Note that, for groupBy queries, you could get similar result with a having spec but using a filtered dimensionSpec is much more efficient because that gets applied at the lowest level in the query processing pipeline. Having specs are applied at the outermost level of groupBy query processing.

Disable GroupBy on multi-value columns

You can disable the implicit unnesting behavior for groupBy by setting groupByEnableMultiValueUnnesting: false in your query context. In this mode, the groupBy engine will return an error instead of completing the query. This is a safety feature for situations where you believe that all dimensions are singly-valued and want the engine to reject any multi-valued dimensions that were inadvertently included.

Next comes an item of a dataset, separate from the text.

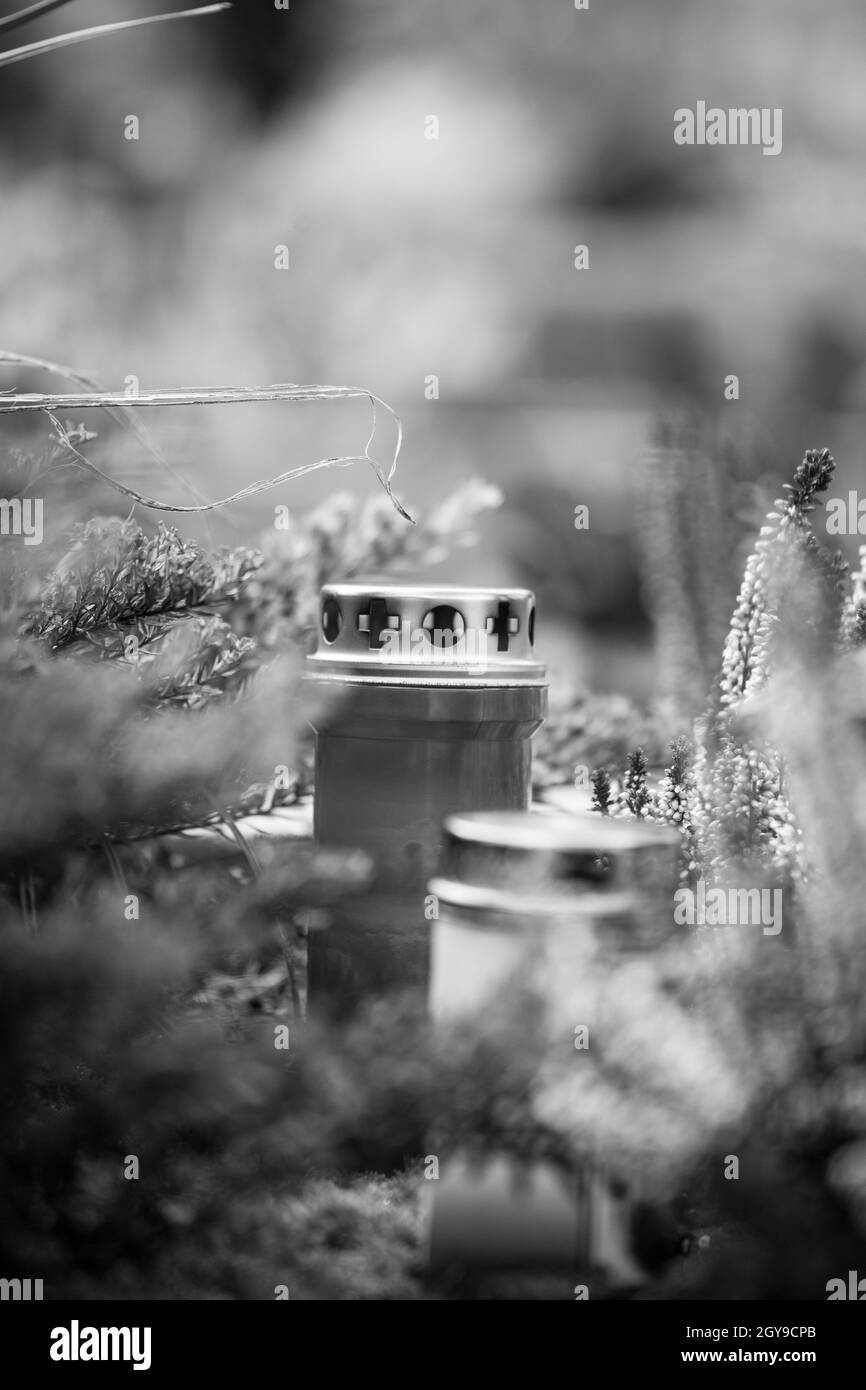 Candle on a grave at a cemetery Stock Photo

Differences between arrays and multi-value dimensions

Avoid confusing string arrays with multi-value dimensions. Arrays and multi-value dimensions are stored in different column types, and query behavior is different. You can use the functions MV_TO_ARRAY and ARRAY_TO_MV to convert between the two if needed. In general, we recommend using arrays whenever possible, since they are a newer and more powerful feature and have SQL compliant behavior.

Use care during ingestion to ensure you get the type you want.

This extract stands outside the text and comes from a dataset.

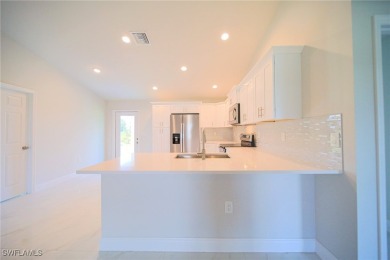 INTERSECTING CANAL VIEWS! You Will Be Amazed By The Quality Of on Mirror Lakes Golf Club in Florida - for sale on GolfHomes.com, golf home, golf lot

To get arrays when performing an ingestion using JSON ingestion specs, such as native batch or streaming ingestion such as with Apache Kafka, use dimension type auto or enable useSchemaDiscovery. When performing a SQL-based ingestion, write a query that generates arrays. Arrays may contain strings or numbers.

To get multi-value dimensions when performing an ingestion using JSON ingestion specs, use dimension type string and do not enable useSchemaDiscovery. When performing a SQL-based ingestion, wrap arrays in ARRAY_TO_MV. Multi-value dimensions can only contain strings.

You can tell which type you have by checking the INFORMATION_SCHEMA.COLUMNS table, using a query like:

  1. SELECT COLUMN_NAME, DATA_TYPE
  2. FROM INFORMATION_SCHEMA.COLUMNS
  3. WHERE TABLE_NAME = 'mytable'

Arrays are type ARRAY, multi-value strings are type VARCHAR.